Règle d'or  : déjà Mendès France...

Par Philippe Mabille  |   |  528  mots
Philippe Mabille, directeur adjoint de la rédaction
La transparence, c'est toujours mieux quand elle s'applique aux autres. En acceptant de réduire de 10 % le montant de leur indemnité représentative de frais de mandat (IRFM), tout en refusant de rendre compte de l'usage qu'ils font de cet argent, les députés viennent de montrer pourquoi il est si difficile de réduire la dépense publique dans notre pays. Comment ceux chargés de voter un budget qui réclame un effort à tous les Français peuvent-ils être crédibles s'ils ne s'appliquent pas à eux-mêmes la rigueur qu'ils exigent des autres ?

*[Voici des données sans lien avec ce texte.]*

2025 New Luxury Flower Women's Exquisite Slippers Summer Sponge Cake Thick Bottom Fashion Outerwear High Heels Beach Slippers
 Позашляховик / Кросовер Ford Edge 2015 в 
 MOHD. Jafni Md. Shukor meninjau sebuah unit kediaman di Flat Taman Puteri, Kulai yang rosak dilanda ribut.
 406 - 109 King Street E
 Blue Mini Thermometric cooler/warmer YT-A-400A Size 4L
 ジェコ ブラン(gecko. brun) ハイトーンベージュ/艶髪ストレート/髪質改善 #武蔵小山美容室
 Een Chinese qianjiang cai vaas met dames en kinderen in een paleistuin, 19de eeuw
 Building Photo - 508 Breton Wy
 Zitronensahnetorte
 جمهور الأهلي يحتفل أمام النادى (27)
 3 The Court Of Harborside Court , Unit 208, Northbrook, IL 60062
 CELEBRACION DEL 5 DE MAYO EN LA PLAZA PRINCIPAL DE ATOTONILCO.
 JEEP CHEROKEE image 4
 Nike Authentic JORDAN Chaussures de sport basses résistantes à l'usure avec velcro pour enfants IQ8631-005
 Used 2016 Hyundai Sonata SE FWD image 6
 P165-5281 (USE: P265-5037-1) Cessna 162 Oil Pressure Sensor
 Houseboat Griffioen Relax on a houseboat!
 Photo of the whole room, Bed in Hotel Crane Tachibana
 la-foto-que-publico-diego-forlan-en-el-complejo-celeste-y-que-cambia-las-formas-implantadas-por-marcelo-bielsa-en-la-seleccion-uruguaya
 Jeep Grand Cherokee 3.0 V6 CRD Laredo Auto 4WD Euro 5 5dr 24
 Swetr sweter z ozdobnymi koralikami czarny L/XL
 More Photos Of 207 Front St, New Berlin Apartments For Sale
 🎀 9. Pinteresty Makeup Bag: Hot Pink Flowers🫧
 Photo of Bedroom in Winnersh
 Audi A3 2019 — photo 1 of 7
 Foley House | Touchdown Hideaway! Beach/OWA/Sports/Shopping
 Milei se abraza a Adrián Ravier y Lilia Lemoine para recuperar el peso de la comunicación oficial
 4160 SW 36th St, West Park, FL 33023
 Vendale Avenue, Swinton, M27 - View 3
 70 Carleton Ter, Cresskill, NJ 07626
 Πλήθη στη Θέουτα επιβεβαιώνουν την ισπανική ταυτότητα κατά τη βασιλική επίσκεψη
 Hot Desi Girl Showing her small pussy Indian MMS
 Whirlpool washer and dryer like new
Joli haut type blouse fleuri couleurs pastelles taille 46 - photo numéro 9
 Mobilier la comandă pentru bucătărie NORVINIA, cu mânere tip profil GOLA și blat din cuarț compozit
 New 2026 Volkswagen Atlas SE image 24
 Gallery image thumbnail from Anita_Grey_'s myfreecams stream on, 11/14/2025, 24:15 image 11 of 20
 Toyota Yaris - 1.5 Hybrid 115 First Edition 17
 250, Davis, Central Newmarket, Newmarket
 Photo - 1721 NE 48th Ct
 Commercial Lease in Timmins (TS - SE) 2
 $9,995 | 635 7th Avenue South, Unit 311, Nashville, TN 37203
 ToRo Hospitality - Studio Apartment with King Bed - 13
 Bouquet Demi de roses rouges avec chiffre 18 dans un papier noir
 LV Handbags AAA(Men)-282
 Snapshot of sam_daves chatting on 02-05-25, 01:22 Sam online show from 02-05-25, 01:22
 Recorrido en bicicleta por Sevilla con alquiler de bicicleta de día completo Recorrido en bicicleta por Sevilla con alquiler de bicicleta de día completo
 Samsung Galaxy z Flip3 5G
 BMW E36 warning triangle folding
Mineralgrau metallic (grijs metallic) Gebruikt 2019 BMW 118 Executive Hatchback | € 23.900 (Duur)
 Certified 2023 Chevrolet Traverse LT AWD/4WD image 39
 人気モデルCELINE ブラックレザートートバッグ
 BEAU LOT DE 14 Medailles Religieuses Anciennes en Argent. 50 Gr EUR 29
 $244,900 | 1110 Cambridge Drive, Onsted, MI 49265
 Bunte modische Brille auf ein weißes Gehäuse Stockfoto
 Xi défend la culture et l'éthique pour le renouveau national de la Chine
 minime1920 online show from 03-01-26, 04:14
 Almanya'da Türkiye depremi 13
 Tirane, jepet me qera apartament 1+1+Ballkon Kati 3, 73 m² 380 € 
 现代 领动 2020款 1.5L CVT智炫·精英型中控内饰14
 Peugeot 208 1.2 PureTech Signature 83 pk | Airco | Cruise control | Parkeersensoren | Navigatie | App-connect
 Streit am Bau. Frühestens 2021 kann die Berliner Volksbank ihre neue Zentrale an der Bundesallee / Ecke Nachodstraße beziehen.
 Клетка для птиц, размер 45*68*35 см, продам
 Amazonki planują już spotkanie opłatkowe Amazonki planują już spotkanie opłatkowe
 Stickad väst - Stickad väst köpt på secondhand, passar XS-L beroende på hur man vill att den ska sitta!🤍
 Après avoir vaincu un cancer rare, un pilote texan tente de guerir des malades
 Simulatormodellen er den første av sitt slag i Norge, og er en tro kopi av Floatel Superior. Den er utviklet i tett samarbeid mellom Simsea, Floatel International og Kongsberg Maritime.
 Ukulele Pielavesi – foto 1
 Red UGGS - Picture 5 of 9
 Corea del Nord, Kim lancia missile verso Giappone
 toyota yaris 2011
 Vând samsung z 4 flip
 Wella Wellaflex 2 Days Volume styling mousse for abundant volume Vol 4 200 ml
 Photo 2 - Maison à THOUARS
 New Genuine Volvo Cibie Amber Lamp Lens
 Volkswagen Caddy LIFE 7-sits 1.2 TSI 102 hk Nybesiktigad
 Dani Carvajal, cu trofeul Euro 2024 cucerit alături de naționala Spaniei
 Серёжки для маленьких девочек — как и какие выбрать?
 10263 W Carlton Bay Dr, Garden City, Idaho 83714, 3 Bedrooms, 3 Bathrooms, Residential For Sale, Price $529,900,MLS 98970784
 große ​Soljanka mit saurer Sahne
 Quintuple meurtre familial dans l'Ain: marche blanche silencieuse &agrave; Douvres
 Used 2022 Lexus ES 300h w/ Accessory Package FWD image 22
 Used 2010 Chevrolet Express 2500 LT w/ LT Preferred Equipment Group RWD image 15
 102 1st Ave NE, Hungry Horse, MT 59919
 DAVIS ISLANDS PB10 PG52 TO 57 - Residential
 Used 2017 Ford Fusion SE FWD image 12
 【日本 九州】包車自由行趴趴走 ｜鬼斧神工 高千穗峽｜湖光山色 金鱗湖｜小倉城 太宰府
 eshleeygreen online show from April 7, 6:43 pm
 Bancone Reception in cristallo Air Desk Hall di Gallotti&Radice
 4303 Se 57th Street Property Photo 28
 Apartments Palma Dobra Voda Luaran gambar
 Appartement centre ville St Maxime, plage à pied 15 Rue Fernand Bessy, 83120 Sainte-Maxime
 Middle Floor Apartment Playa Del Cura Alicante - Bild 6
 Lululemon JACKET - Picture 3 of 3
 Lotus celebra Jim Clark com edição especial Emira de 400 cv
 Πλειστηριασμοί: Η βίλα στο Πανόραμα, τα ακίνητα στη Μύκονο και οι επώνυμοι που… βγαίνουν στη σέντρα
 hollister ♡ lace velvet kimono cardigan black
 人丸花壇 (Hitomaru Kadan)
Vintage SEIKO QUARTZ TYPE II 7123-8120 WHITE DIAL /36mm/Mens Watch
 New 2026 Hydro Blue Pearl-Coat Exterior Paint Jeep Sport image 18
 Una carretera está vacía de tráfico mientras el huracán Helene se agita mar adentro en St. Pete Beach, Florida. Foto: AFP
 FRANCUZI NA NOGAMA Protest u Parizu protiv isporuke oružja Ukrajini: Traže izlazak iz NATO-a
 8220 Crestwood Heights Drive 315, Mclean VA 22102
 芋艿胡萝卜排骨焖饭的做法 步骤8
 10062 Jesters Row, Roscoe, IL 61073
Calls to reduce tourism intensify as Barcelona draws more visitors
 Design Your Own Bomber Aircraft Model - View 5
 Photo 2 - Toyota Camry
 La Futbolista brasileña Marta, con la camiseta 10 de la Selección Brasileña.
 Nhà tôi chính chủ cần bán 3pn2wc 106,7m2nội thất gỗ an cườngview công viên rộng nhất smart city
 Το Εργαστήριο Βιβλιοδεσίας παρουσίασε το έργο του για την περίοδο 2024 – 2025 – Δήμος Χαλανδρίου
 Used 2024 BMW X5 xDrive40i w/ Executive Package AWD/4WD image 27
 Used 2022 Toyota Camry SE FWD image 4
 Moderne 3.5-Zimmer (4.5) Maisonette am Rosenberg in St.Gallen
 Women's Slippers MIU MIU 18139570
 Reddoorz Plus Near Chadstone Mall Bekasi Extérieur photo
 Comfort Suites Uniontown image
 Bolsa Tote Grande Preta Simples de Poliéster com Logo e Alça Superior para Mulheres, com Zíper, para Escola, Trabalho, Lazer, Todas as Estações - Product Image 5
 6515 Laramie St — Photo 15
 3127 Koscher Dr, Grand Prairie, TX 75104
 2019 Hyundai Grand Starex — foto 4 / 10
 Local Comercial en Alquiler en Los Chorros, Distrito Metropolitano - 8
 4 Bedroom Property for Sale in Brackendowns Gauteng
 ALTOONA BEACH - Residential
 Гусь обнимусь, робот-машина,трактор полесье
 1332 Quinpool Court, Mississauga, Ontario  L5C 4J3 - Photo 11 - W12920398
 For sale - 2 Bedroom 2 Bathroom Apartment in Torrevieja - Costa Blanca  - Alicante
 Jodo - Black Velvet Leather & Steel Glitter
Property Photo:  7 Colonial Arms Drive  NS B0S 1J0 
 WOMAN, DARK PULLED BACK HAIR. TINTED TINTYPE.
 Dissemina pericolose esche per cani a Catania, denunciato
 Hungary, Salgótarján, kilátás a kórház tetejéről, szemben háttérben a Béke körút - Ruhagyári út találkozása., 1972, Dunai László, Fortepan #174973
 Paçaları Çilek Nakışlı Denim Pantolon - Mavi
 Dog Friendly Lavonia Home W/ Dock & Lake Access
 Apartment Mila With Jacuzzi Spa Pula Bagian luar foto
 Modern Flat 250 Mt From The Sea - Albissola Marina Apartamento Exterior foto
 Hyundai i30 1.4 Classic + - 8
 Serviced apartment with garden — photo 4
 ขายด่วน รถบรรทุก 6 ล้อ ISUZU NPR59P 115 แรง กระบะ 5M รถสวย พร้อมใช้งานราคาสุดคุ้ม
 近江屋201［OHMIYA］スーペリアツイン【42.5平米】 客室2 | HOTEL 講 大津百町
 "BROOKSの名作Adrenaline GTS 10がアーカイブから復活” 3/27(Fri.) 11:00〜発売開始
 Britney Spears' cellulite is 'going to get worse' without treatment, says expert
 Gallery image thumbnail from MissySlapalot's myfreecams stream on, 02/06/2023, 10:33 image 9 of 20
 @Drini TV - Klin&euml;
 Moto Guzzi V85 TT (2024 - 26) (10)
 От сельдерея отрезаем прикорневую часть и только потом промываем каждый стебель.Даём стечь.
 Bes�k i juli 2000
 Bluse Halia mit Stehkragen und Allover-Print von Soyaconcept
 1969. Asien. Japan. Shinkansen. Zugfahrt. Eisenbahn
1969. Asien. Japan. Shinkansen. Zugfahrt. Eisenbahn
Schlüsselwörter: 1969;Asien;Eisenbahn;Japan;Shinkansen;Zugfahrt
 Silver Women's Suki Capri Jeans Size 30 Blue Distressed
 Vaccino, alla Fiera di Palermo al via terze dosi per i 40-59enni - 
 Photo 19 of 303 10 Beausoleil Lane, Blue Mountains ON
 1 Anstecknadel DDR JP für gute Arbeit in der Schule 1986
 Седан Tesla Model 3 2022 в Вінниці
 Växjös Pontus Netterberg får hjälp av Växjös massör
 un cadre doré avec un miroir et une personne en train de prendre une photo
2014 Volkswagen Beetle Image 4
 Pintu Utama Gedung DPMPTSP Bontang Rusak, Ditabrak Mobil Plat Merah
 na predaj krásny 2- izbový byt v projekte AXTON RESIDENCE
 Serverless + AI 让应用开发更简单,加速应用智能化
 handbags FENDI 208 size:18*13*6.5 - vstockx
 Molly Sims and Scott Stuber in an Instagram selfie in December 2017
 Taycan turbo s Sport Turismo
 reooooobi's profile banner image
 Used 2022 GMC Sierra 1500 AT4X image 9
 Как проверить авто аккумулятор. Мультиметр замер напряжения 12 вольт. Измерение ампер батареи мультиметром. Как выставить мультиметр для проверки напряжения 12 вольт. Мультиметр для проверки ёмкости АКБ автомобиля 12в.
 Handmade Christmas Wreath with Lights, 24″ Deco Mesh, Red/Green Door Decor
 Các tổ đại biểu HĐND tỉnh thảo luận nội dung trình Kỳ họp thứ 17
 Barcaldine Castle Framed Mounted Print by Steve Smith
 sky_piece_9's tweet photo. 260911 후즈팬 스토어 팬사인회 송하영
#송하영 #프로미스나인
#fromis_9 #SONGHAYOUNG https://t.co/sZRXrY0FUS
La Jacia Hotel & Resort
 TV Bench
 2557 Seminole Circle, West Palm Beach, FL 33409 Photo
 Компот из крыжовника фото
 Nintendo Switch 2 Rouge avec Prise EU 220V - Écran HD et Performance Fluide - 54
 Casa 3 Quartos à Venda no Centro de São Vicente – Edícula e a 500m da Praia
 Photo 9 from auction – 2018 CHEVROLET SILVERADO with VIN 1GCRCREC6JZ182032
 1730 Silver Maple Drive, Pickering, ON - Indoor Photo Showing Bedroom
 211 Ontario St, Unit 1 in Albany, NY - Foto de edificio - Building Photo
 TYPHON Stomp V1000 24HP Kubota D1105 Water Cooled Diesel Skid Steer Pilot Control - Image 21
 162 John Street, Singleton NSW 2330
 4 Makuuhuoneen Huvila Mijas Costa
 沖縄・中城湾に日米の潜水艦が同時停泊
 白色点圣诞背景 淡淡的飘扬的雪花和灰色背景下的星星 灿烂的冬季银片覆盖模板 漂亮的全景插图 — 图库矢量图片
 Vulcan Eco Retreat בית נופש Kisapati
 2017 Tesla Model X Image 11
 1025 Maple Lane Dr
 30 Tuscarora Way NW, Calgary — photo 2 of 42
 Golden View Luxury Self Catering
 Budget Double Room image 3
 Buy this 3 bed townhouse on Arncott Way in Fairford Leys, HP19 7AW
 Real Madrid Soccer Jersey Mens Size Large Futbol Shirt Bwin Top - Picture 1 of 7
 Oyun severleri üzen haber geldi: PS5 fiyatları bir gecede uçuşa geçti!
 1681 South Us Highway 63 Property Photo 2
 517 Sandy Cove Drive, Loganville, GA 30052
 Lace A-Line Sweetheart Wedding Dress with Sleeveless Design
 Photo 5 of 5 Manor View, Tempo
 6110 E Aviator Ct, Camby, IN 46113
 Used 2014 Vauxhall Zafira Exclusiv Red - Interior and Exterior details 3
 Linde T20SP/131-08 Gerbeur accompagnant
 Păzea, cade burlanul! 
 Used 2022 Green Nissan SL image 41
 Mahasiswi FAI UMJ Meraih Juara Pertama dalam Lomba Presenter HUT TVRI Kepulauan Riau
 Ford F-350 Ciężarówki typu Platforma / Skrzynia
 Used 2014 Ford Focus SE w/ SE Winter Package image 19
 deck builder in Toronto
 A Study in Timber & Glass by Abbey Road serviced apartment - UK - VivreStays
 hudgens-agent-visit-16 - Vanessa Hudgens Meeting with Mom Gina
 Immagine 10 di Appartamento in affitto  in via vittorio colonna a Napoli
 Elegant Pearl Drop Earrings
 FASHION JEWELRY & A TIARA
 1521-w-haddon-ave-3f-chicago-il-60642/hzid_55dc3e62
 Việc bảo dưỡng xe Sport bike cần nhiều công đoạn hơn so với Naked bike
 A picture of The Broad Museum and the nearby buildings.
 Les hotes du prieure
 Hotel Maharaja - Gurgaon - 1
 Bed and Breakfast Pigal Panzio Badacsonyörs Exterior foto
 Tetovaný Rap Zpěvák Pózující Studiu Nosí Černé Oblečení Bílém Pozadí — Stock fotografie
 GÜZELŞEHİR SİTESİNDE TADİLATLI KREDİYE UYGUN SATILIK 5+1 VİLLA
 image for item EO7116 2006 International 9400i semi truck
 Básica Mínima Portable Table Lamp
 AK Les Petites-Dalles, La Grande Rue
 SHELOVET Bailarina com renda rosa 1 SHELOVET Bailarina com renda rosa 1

Cette décision est emblématique des dysfonctionnements de notre démocratie. Les mêmes résistent avec acharnement à toute remise en cause du cumul des mandats, qui figure pourtant parmi les promesses du président élu. Mais comment ne pas voir qu'il est incompatible d'exercer à la fois un mandat national et un mandat local lorsque le premier exige de contrôler les dépenses du second ? On n'est pas ici dans le symbole, mais au c?ur du problème de la dépense publique, à savoir son défaut de gouvernance. Edgar Faure l'avait très bien dit : « La France sait faire, mais ne sait pas défaire. » Depuis vingt ans, on a multiplié les structures, empilé les niveaux territoriaux, créé des agences publiques et parapubliques aux fonctions souvent redondantes, pour ne pas dire inutiles. Il est temps de se rendre compte d'une simple vérité : si on ne parvient pas à réduire les dépenses, c'est parce qu'on ne le veut pas. C'est évidemment tellement plus facile d'augmenter les impôts.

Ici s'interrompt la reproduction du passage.